The Doha-based couple had waited to get married for the past two years in compliance with a local legislation under which Qatari nationals who wish to marry expatriates must obtain clearance from the Ministry of Interior.
The Qatari Marriage Committee, however, recently rejected the couple's request. The case is now with the National Human Rights Committee (NHRC) where the woman has appealed for help.

"We have sent a letter to the Minister of Interior, pleading to give the Qatari lady the necessary clearance to contract a valid marriage. We are waiting for an answer soon," Mohammad Fouad, NHRC legal consultant, told Gulf News.

The 42-year-old Qatari woman, without family and in financial difficulties, and the 28-year-old Lebanese businessman told the committee that they could see no reason why the union should be impeded.

Many cases unreported

According to data provided by NHRC, Qatar's sole human rights watchdog, seven similar cases were reported to the body last year.

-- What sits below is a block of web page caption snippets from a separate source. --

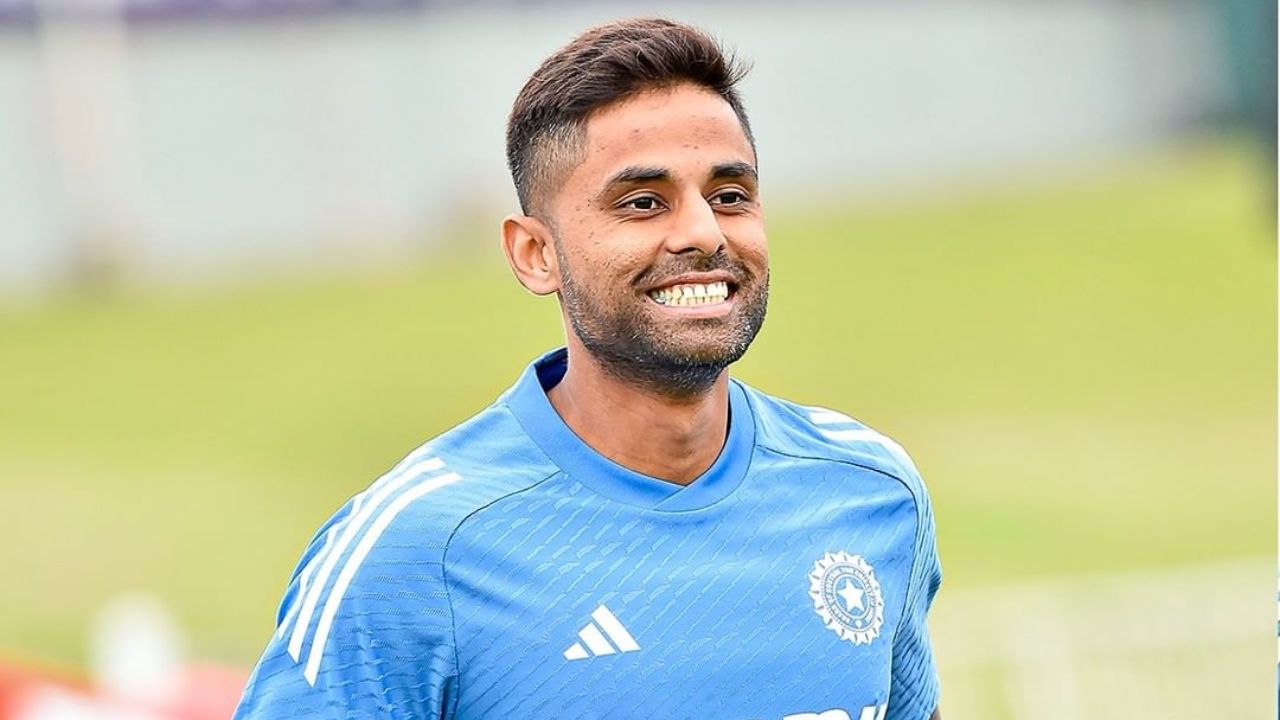 भारताच्या संघाने शेवटचा सामान T२० विश्वचषक २०२४ फायनलमध्ये खेळला होता. यावेळी भारताचे कर्णधार पद रोहित शर्माकडे सोपवण्यात आले होते आता भारताच्या T२० संघाची कमान सूर्यकुमार यादवकडे सोपवण्यात आली आहे. फोटो सौजन्य - BCCI सोशल मीडिया 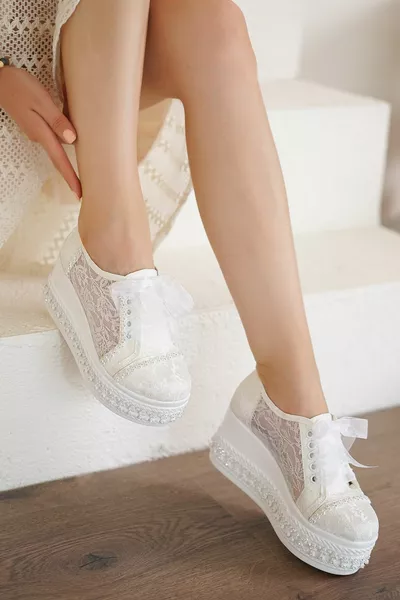 حذاء زفاف نسائي من عرق اللؤلؤ باللون الأبيض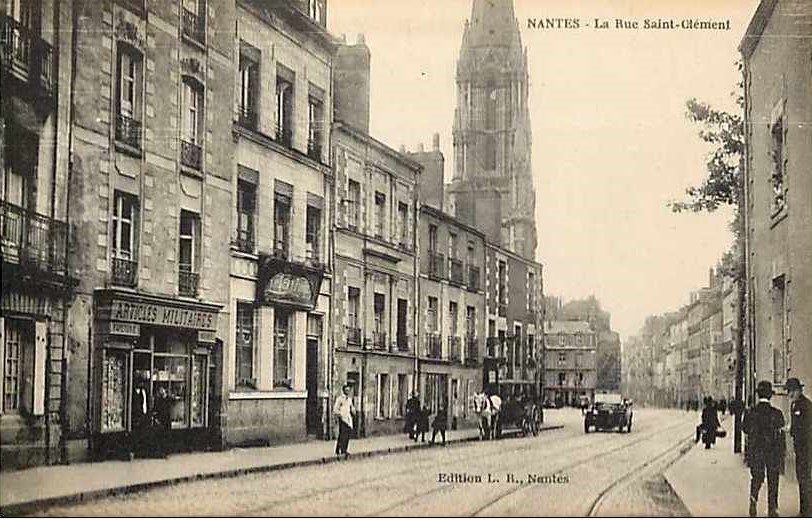 Nantes - La rue Saint-Cl�ment  - Loire-Atlantique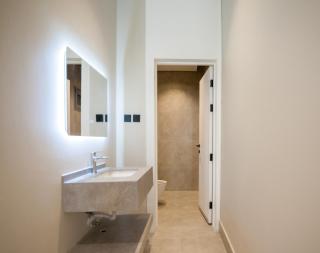 Stylish 3BR Apartment Perfect for Families - Riade - 3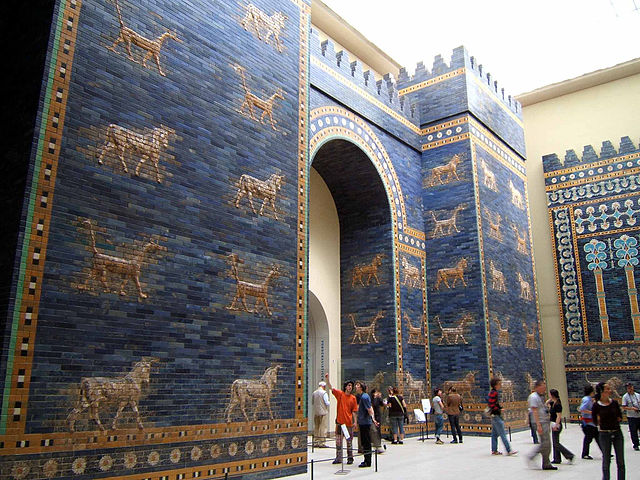 Photo of gate of Ishtar, shows glazed brick with alternating rows of dragons and bulls, symbolizing the gods Marduk and Adad respectively.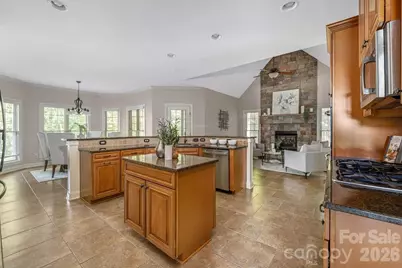 8325 Curico Lane, Charlotte, NC 28227 - Photo 15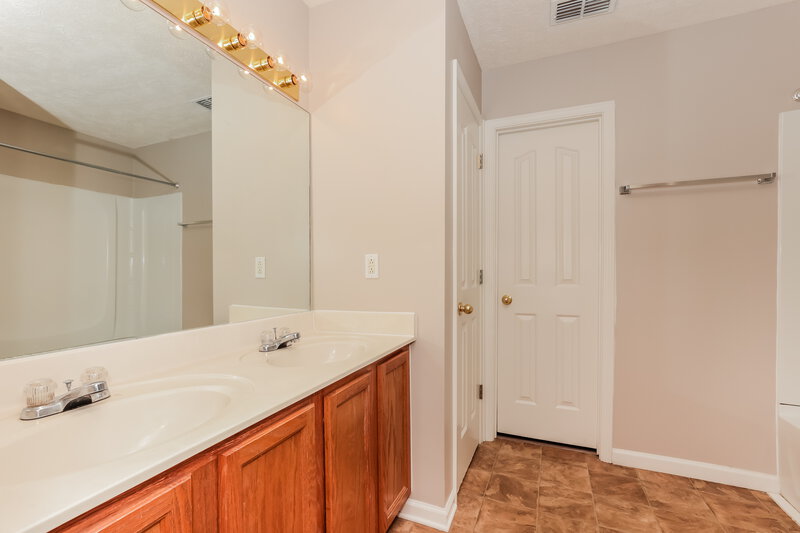 1,735/Mo, 1264 Dalmally Dr Murfreesboro, TN 37128 Main Bathroom View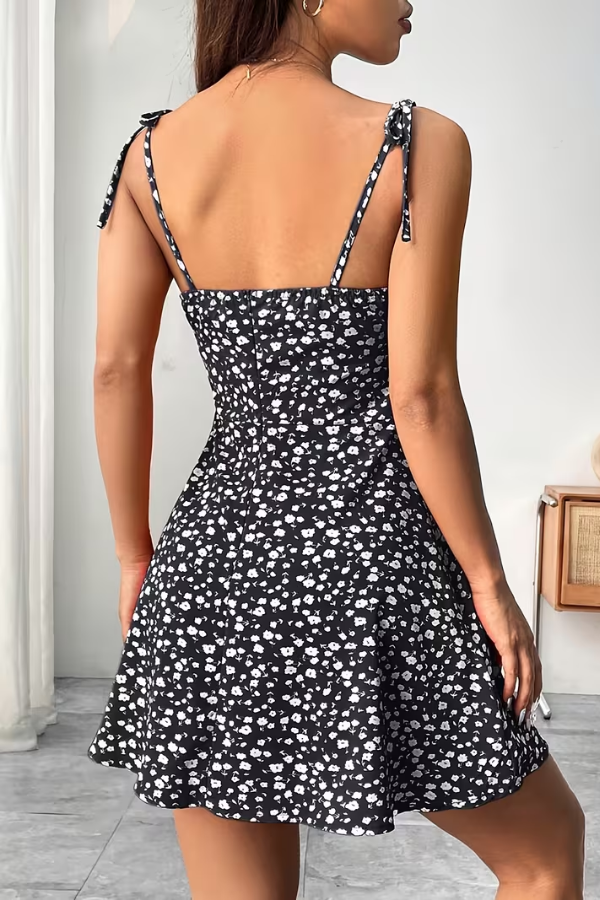 Elegant women's floral strapless slip dress, versatile for date night, vacation, or evening wear. Comfortable and stylish.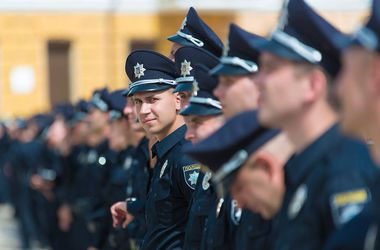 Чистки в полиции: в Киеве уволены 12 патрулей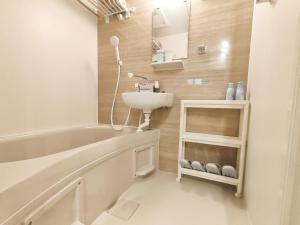 C2 Shibuya new hotel, 2 bedrooms and 1 living room, 7 mins to ST Max 6P 渋谷全新酒店 全新装修 两室一厅 交通中心 车站7分钟 最大6人 直达新宿 涉谷 表参道 品川 池袋 上野 代代木 银座 原宿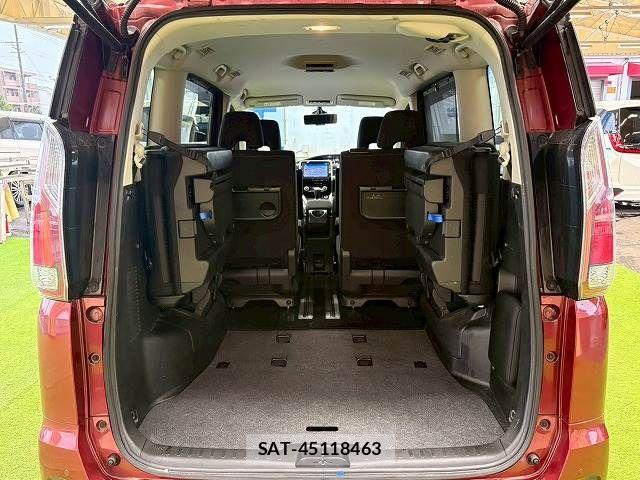 Nissan SERENA 2018-08 8246641-12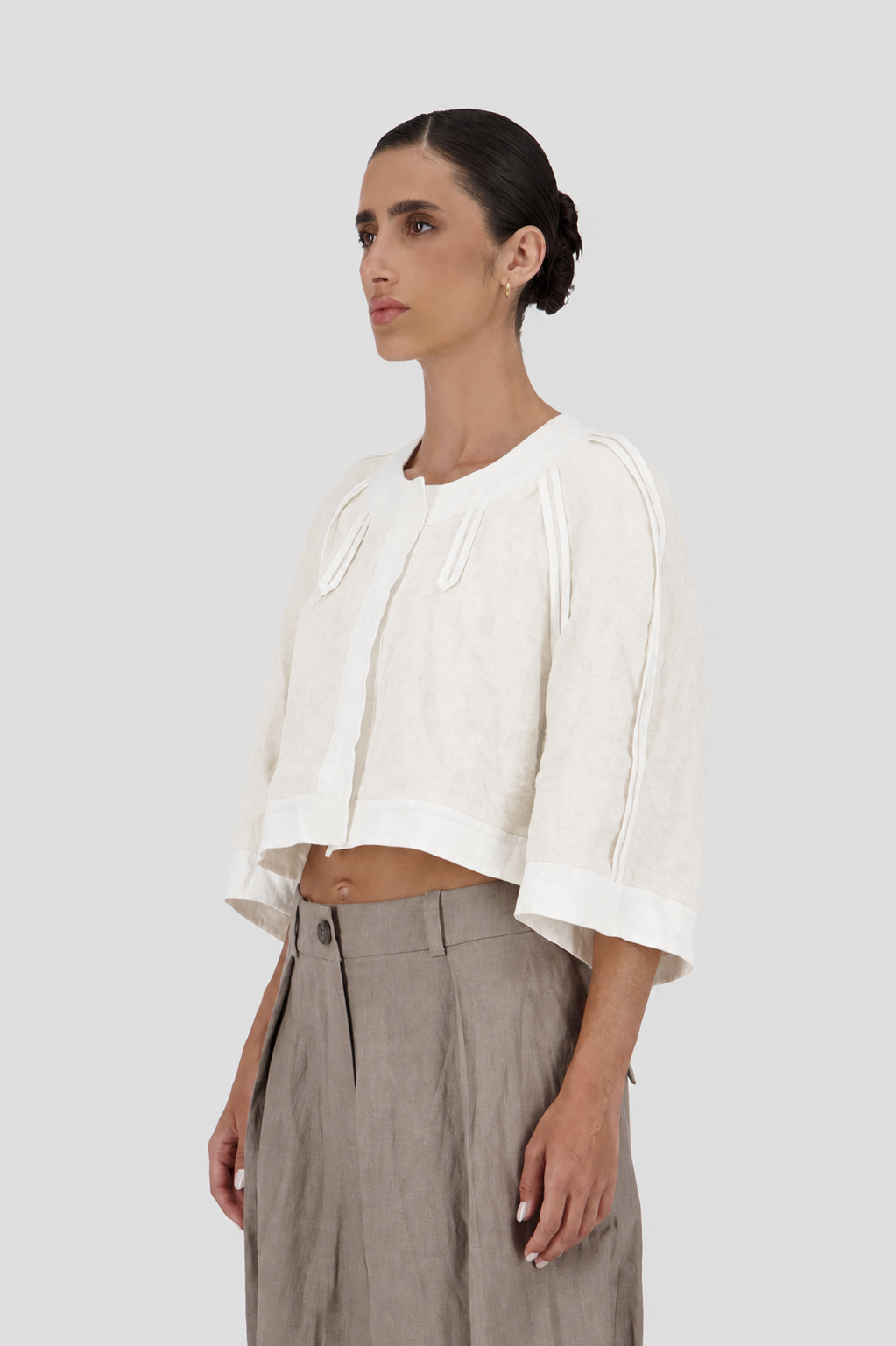 Bound seam cropped jacket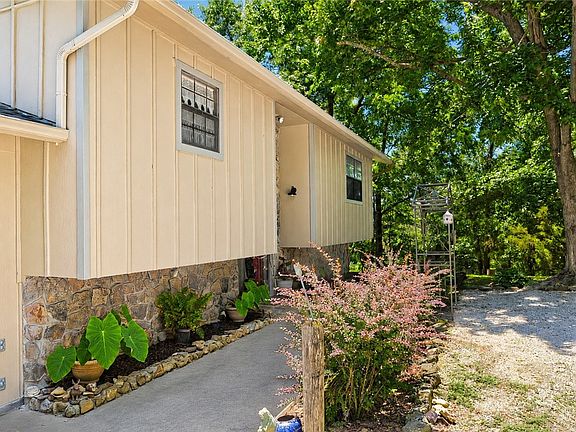 3rd image of 95 Lady Mary Ln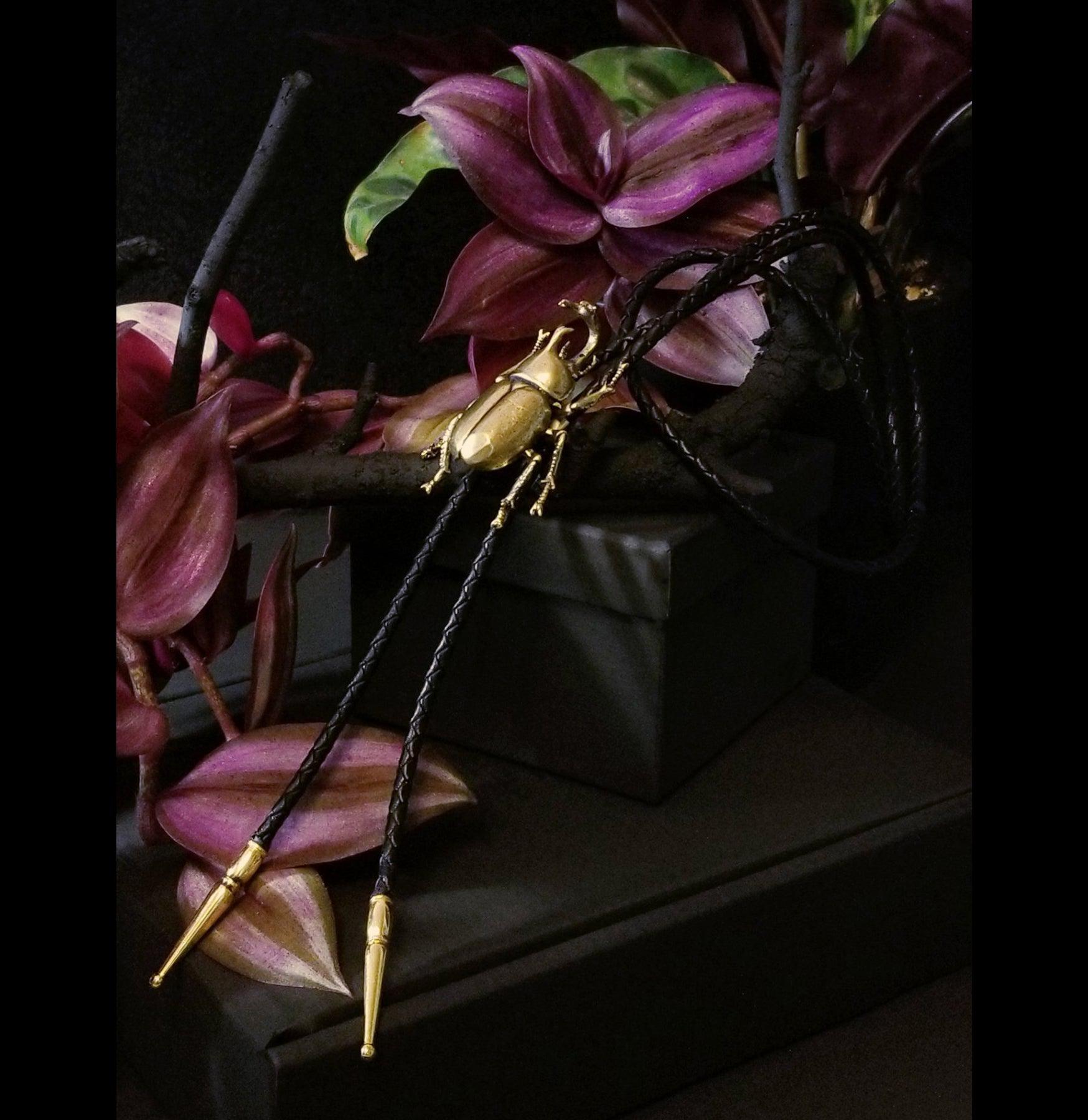 Vintage Brass Japanese Rhinoceros Beetle Bolo Tie - Unique Western & Asian Fusion Neckwear for Men - Perfect for Cowboy Parties, Cosplay, and Fashion Accessories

The figures may not indicate a major problem but the official believes there are many such cases that go unreported.

"Despite the small number of cases we received in 2005 we are aware that there are many cases which are not on the record. Many Qatari women are not allowed by their families to get married to expatriate men even before they can apply for clearance to the authorities. They cannot make their cases public or report them to us, due to social constraints."

Fouad said mixed marriages between Qataris and expatriates are regulated by a law that requires both Qatari men and women to meet a number of requirements.

The law imposes for instance the existence of "adequate social conditions ? adequate age difference ? and adequate financial conditions".

Qatari women, however, also have to obtain the consent of their tutor or guarantor as a prerequisite.

Qatar, a small country with a population of only 180,000 nationals and a growing expatriate presence, is keen on preserving its identity and customs. Consanguineous marriages are very common and mixed marriages between nationals and foreigners are still unpopular, although lately they are on the rise, especially among men.

The trend is leading to a growth in the number of single Qatari women, Fouad said.

"There is a growing number of single women among nationals, because men can marry more easily, even abroad. This is also an issue that local authorities will have to address."